_Exercise data_.
>>

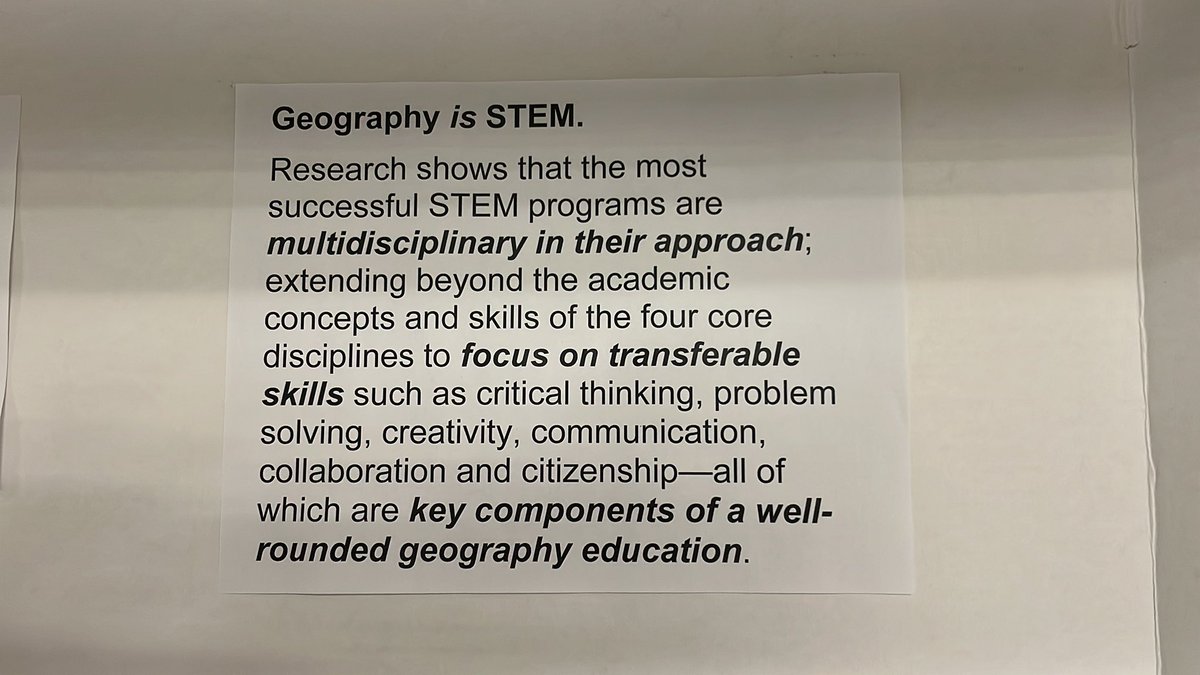 It’s parents’ night! What better time to educate families about the importance of Geography? 🙂 #GeographyMatters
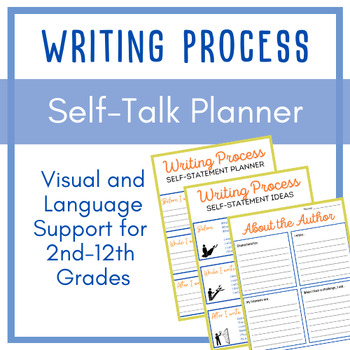 Preview of Writing Process Self-Talk Planner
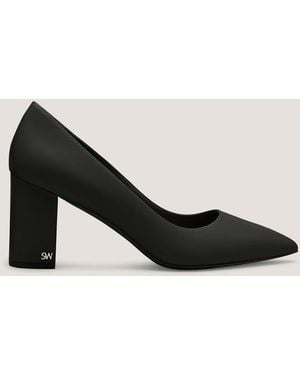 Stuart Weitzman Jones Block Pump 75 - Black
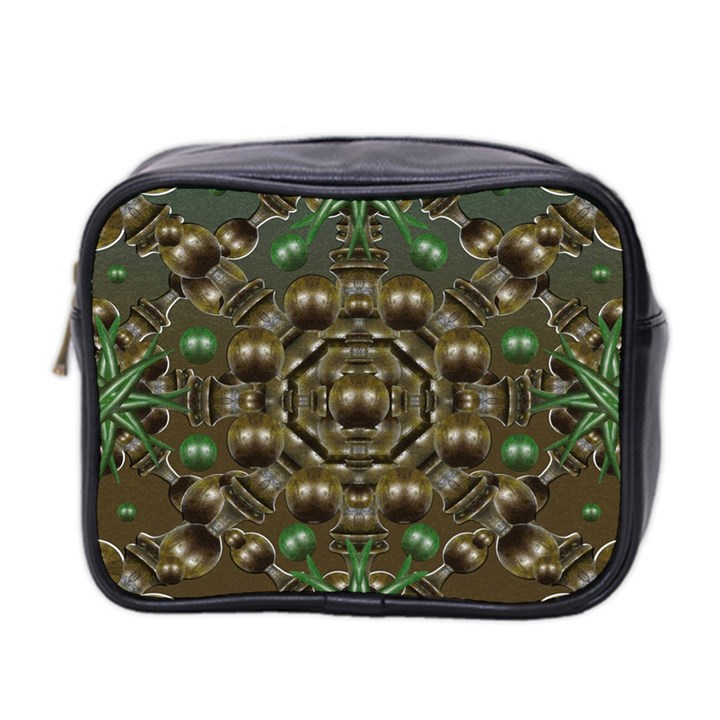 Japanese Garden Mini Travel Toiletry Bag (Two Sides)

<<

_Problem statement_. Reproduce exactly, and only, the lines that begin at the one containing "Preview of Writing Process Self-Talk Planner" and end with the final line of the data, both included, while omitting every picture.

_Solution_.
 Preview of Writing Process Self-Talk Planner
 Stuart Weitzman Jones Block Pump 75 - Black
 Japanese Garden Mini Travel Toiletry Bag (Two Sides)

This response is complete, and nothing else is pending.